Happily Ever After...Not so Happy

 On November 1 2016, I said ‘I do’. I stood before a judge in a small makeshift chapel in front of the man whom I loved and said til death do us part. (A familiar place) Butterflies fluttered deep inside. I smiled at him and gazed into his brown eyes; he was the one, my forever, so why am I sitting here four years later sharing a not so happily ever after?

You grow up learning these rules of expectation. I was taught to tend to the house, be responsible, put others first (family first even if I came in last place), love and honor your husband (divorce was not an option). As I look back I now understand that these rules came from woman who found content in mediocrity. They were just going through the motions. They heard ‘for better or worse’ and ran with it not realizing that it takes two.

Well I did it! I said ‘I do’ to the man of my drea..., to the father of my two bo..., to the man who I lov..., okay to this guy who I knew for about 15 years and we dated each other for about seven years. (smoke and mirrors) After we merged households we struggled to find our rhythm. I started questioning my woman. Insecurities developed. I was made to feel like the villain in an unexpected turn of events. 
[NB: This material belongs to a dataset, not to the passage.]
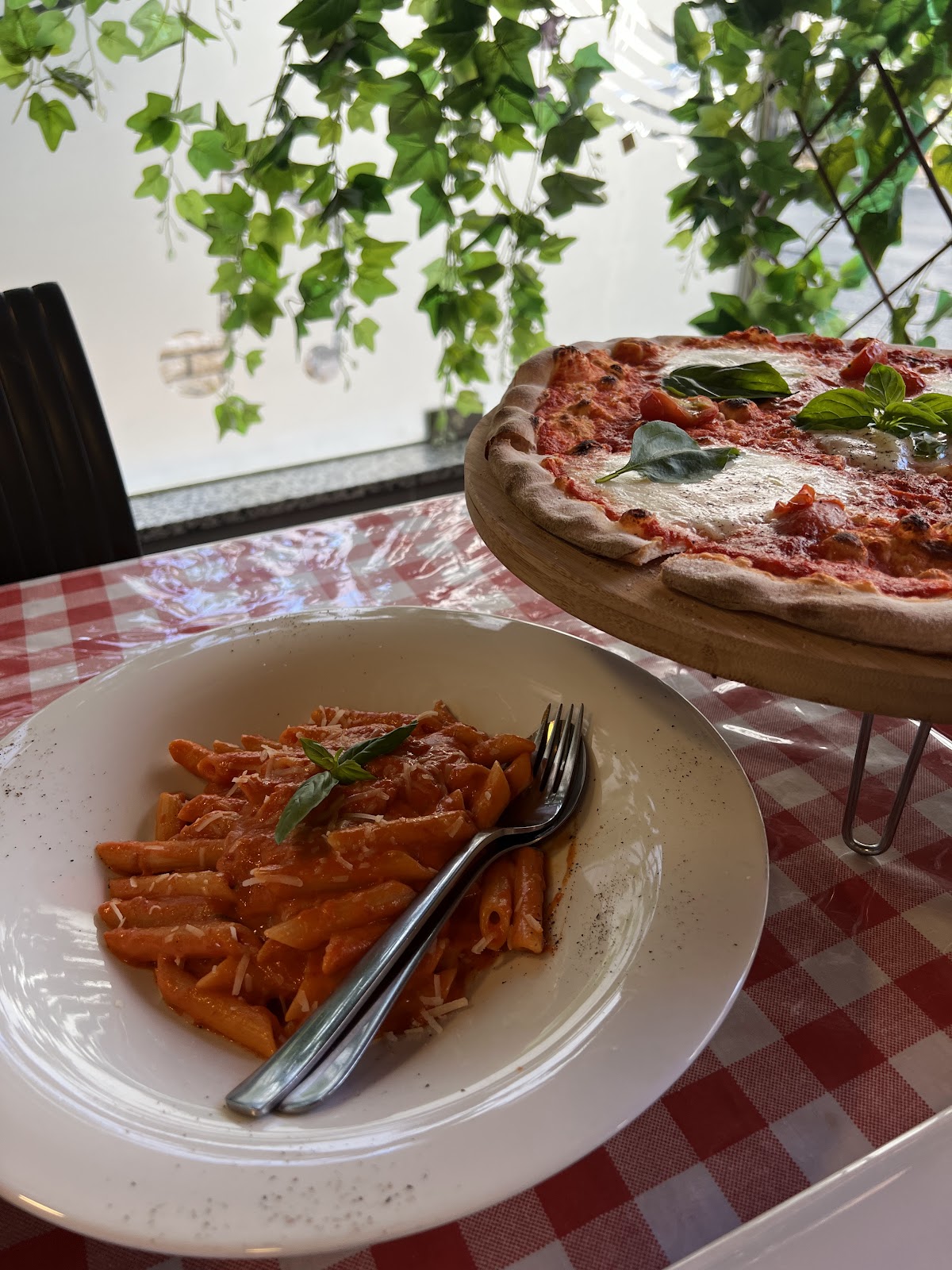 Pizza Enzo — photograph 6
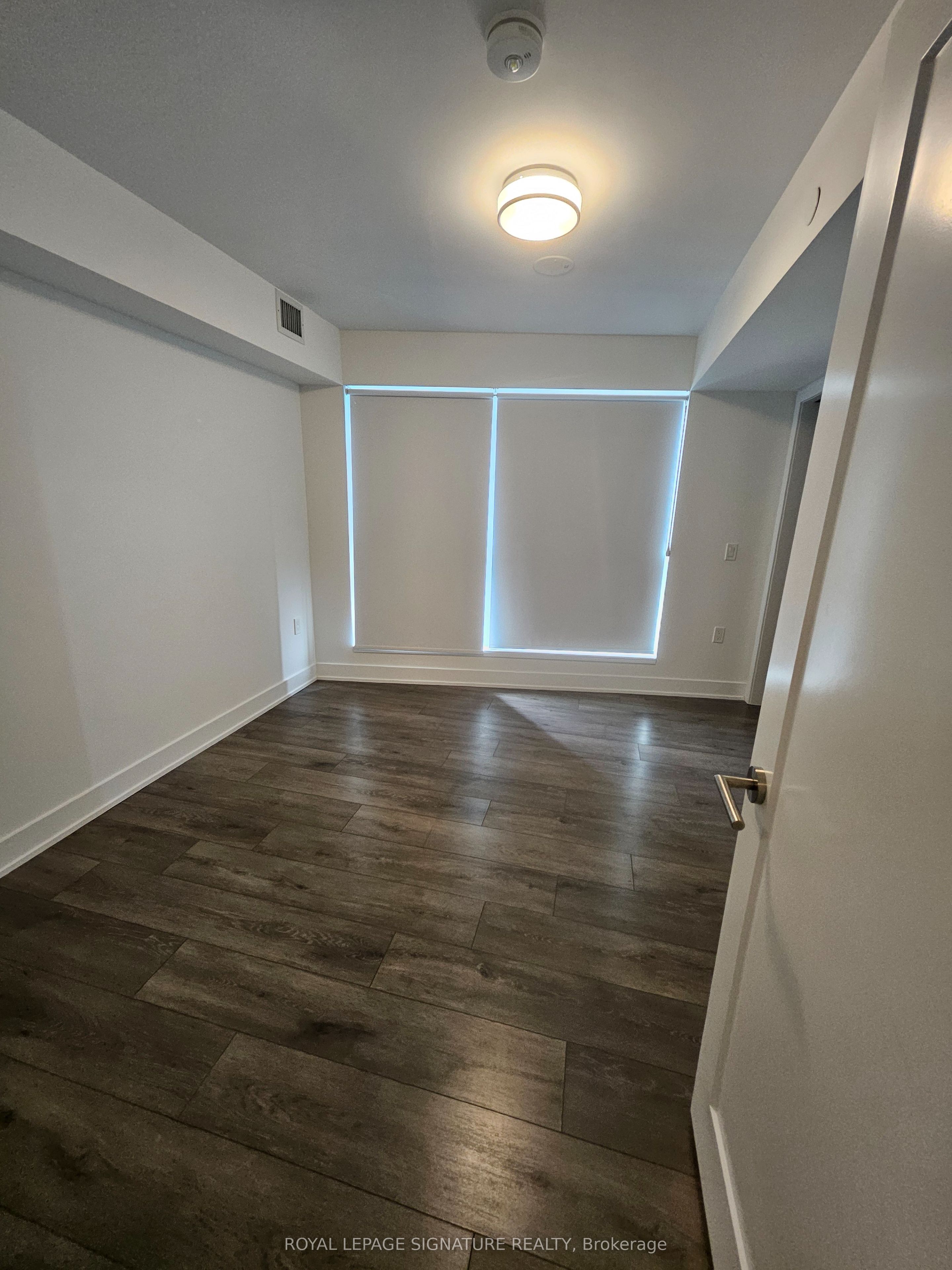 585 Bloor Street E 2123, Toronto, ON M4W 0B3 photo 3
He treated me as if I was a chore. I was his burden. I felt it in his silence. The coldness that he gave was brutal. It didn’t matter what I did , I was wrong in his eyes. I had to face the fact that he didn’t want me anymore even though his lips uttered a different I love you. 

... I’m the Villain.

The problem.

The mistake.

The cause. 

I’m your excuse to produce bad behavior. 

It’s my fault.

I agreed to the terms and conditions of this contract and now I’m burning it. 

There won’t be a next time.

I’m better without it.

Your definition of love left me desolate, hopeless, alone and drowning in my own tears.

Your definition of love had me questioning the very confidence that God gave me.

Your definition of love reminded me of every flaw and blemish that was tucked away deep.

Your definition of love crowned me with thorns of verbal, emotional and sexual abuse.

Your definition of love wasn’t love at all.

So on November 1 2020 I have new vision. I’m dating me.

Learning, rediscovering, and exploring all things Lakita.